Advocates of the gold standard often talk about consent and convertibility—the ability of economic actors to switch back and forth from dollars to gold. But that is disingenuous. Americans or anybody else can go to market with every last dollar they own and buy as much gold as they wish. What gold-standard advocates mean by convertibility is that private citizens should be free to convert their dollars into gold at a price set by law, rather than by the marketplace. Congress would pick a price for this one commodity, and then the central bank would forever after raise or lower interest rates to squeeze the dollar into alignment with the price of gold.

That’s how things were done in the United States from 1873 until 1934, when the domestic gold standard was finally abandoned after causing one horrific economic depression too many.

As one governor among seven, Shelton could do meaningful, but finite, harm. But right now, there are two vacancies on the board. If Shelton is confirmed, she will be one of six, not one of seven. And what if Republicans preserve their majority in the Senate after 2020, and McConnell then decides to extend to the Fed the same no-nominations-by-Democratic-presidents rule he formerly enforced on the federal courts? Richard Clarida’s term on the board expires in the spring of 2022. Shelton will then be one of five. Powell’s term as Fed chair expires early in 2022. If not renominated as chair, Powell may quit the board altogether. Shelton would then be one of four.

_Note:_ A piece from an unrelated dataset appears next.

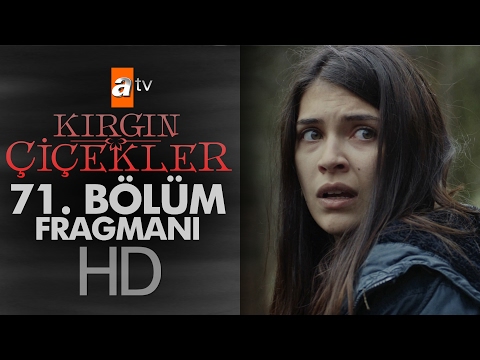 Kırgın Çiçekler 71. Bölüm Fragmanı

Could McConnell embargo the Fed as he has embargoed the federal courts, with a view of paralyzing monetary policy in order to hurt Democratic chances in the elections of 2022 and 2024? No such thing has ever happened before, but since McConnell gained the leadership of the Senate majority in 2014, it’s been one instance of no-such-thing-has-ever-happened-before after another. For all their many points of friction, McConnell and Trump have had one point of unity: a deep conviction of the non-legitimacy of government by the other party. That conviction was sharpened on the courts. Is it now to be perfected at the Federal Reserve, with the American economy joining American law and justice as McConnell’s hostage?